Segment Start: TASK INPUTS

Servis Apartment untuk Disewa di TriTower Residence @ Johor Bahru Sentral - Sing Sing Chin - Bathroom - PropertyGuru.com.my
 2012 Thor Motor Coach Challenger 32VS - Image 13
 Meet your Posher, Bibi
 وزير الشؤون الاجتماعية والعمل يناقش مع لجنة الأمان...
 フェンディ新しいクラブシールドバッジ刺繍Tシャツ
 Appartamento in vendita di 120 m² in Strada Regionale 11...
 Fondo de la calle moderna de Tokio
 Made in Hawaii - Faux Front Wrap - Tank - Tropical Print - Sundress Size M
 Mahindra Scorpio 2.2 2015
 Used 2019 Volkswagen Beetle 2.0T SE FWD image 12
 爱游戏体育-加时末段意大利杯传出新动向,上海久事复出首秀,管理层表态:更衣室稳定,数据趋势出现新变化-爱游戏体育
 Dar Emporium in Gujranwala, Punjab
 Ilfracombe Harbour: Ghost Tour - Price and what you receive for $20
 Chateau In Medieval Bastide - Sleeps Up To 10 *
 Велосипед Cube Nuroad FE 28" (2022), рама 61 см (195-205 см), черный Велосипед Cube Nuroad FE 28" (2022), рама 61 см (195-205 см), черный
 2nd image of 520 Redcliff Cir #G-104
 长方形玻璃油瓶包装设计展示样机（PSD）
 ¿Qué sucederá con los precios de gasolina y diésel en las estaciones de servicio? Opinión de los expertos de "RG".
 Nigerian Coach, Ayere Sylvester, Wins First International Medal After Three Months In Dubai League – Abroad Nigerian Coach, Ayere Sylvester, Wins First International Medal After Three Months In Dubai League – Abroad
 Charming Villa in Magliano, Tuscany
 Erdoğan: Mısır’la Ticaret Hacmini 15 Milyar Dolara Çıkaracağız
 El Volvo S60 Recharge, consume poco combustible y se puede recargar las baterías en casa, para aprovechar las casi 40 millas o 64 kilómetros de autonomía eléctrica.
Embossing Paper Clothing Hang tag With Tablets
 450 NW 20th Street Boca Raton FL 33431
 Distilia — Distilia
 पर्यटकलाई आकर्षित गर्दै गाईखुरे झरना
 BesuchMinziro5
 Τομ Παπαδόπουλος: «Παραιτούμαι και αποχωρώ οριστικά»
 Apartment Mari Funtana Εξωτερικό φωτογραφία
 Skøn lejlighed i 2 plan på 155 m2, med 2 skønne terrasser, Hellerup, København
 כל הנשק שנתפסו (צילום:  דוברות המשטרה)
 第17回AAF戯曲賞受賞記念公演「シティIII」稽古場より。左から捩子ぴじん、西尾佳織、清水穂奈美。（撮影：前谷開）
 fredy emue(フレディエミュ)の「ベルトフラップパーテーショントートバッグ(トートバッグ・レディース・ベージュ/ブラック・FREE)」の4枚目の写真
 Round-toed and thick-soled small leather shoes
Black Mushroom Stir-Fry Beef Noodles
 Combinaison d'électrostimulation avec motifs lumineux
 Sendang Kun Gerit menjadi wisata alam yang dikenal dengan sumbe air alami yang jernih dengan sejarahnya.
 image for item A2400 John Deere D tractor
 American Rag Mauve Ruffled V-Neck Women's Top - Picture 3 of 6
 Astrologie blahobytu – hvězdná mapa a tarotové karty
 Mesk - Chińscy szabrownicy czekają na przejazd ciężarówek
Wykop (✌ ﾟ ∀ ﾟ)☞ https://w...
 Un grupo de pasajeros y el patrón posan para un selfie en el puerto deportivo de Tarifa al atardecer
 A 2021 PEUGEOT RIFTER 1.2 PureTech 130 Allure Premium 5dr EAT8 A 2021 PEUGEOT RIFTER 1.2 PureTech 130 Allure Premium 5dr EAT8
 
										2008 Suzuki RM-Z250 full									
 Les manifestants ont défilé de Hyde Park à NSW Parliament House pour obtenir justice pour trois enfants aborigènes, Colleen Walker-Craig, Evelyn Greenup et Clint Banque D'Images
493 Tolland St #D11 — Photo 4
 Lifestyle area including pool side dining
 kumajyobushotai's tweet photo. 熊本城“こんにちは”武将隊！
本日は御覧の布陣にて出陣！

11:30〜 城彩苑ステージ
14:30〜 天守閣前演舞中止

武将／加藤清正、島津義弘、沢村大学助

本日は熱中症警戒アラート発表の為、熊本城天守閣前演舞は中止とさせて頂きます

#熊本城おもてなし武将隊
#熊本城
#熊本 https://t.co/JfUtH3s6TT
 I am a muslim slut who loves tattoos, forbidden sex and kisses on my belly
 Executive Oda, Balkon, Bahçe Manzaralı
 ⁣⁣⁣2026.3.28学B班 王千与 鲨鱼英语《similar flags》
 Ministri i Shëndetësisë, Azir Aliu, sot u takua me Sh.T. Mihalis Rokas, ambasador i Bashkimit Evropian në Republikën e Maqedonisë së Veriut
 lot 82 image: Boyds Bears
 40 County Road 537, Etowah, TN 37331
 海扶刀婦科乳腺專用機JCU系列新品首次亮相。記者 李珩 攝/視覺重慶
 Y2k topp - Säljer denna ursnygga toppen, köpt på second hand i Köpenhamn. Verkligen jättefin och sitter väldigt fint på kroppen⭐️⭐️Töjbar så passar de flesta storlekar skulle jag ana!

Segment End: TASK INPUTS

Produce only the lines from the line containing "kumajyobushotai's tweet photo." through the line containing "海扶刀婦科乳腺專用機JCU系列新品首次亮相。記者 李珩 攝/視覺重慶", inclusive of both, exactly as they stand in the entries above.

 kumajyobushotai's tweet photo. 熊本城“こんにちは”武将隊！
本日は御覧の布陣にて出陣！

11:30〜 城彩苑ステージ
14:30〜 天守閣前演舞中止

武将／加藤清正、島津義弘、沢村大学助

本日は熱中症警戒アラート発表の為、熊本城天守閣前演舞は中止とさせて頂きます

#熊本城おもてなし武将隊
#熊本城
#熊本 https://t.co/JfUtH3s6TT
 I am a muslim slut who loves tattoos, forbidden sex and kisses on my belly
 Executive Oda, Balkon, Bahçe Manzaralı
 ⁣⁣⁣2026.3.28学B班 王千与 鲨鱼英语《similar flags》
 Ministri i Shëndetësisë, Azir Aliu, sot u takua me Sh.T. Mihalis Rokas, ambasador i Bashkimit Evropian në Republikën e Maqedonisë së Veriut
 lot 82 image: Boyds Bears
 40 County Road 537, Etowah, TN 37331
 海扶刀婦科乳腺專用機JCU系列新品首次亮相。記者 李珩 攝/視覺重慶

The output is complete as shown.